Could the management then take disciplinary action against the concerned workmen in respect of such a strike ? Standing order 22 enumerates various acts constituting misconduct.
Cls. 2, 3, 13 and 18 provide that striking either singly or in combination with others in contravention of the provisions of any Act, inciting any other workmen to strike in contravention of any law, riotous or disorderly behaviour or any act subversive of discipline and' loitering within the company's premises while on duty or absence without permission from the appointed place of work constitute misconduct. The point is whether participation in and incitement to join the said strike were in respect of a strike which was in contravention of any Act or law.
Section 23 provides that no workman employed in an industrial establishment shall go on strike in breach of contract and during the period in which a settlement is in operation, in respect of any of the matters covered by such a settlement. The prohibition against a workman going on strike thus envisages two conditions; (a) that it is in breach of a contract and (b) that it is during the period in which a settlement is in operation and is in respect of any of the matters covered by such settlement. The said settlement was a contract between the company and the association representing the workmen -and it was in operation on May 11, 1966. But was it in respect of a matter covered by the settlement ? Under s. 24 a strike is illegal if it is commenced in contravention of s. 23.
Section 26 inter alia provides that any workman who commences, continues or otherwise acts in furtherance of a strike which is illegal under the Act shall be punished with imprisonment for a term extending to one month or with fine which may extend to Rs. 50 or with both. Section 27 provides punishment of a person who instigates or incites- others to take part in or otherwise acts in furtherance of an illegal strike, The strike envisaged by these two sections is clearly the one which is illegal under s. 24 read with s. 23. A strike in breach of a contract during the operation of a settlement and in respect of a matter covered by that settlement falls under s. 23 (c). But whereas s. 26 312 punishes a workman for going on an illegal strike or for any act in furtherance of such a strike,, s. 29 lays down the penalty for a person, not necessarily a workman, who commits breach of a term of a settlement which is binding under the Act. It is, therefore, an offence for any person on whom -a settlement is binding under the Act to commit a breach thereof and the legislature has viewed it to be a more serious offence, for, it has a higher punishment of imprisonment extending to six months than the punishment for commencing etc. an illegal strike under s. 26. Thus, commencing, a strike or acting in furtherance of it in breach of a settlement binding on the -person who so commences it or acts in its furtherance is an offence punishable under s. 29.

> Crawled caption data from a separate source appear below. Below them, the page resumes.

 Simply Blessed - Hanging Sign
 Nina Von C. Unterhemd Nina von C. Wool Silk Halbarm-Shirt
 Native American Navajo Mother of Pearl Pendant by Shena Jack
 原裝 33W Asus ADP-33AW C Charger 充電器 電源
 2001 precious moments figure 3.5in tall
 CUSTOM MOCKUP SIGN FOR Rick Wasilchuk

It is clear that there is a distinction between a strike in- visaged by s. 23 (c) in respect of a matter covered by a settlement and a strike in breach of a settlement envisaged by s. 29. That position was conceded by Mr. Gokhale for the management. But his argument was that the strike in question was, firstly, in respect of a matter covered by the said settlement, namely, its prohibition without notice while that settlement was in force and secondly that it was in breach of that settlement, and consequently, it was illegal both under s. 24 and s. 29. This contention does not seem correct, firstly, because though an agreement not to resort to a strike without notice would be the subject matter of a settlement, a strike in contravention of such an agreement is not in respect of any of the matters covered by such settlement. Secondly, such a construction would mean as if Parliament intended to provide two different penalties, one under s. 26 and the other under s. 29, for the very same offence, one higher than the other, an intention difficult to attribute. The strike was in the matter of the suspension of the said Shenoy pending a domestic enquiry -against him, a matter which obviously was not one of the matters covered by the said settlement. It was, therefore, not a -strike illegal under s. read with s.
23(c). However, the strike was in contravention of cl. 5 of the said settlement and that settlement being binding on the workmen concerned and in operation at the time was punish- able under s. 29, and therefore, illegal under that section.

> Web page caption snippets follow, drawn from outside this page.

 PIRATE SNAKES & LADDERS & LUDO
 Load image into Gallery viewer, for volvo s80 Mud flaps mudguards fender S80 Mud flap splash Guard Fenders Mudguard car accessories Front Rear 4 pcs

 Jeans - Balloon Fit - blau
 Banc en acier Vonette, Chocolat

The question whether a strike in contravention of a similar clause in a settlement was illegal arose in The Tata Engineering and Locomotive Co. Ltd. v. C. B. Mitter & Anr.
(1) As in cl. 5 of the settlement before us, the settlement there also provided that "in no case" would the parties thereto resort to direct action such as lockouts, strikes, go-slow and other direct action without four days' notice.
The strike in question was commenced in respect of a demand by a workman for a pair of gum-boots, a demand (1) C.A.No. 633 of 1963, dec. on April 2,1964.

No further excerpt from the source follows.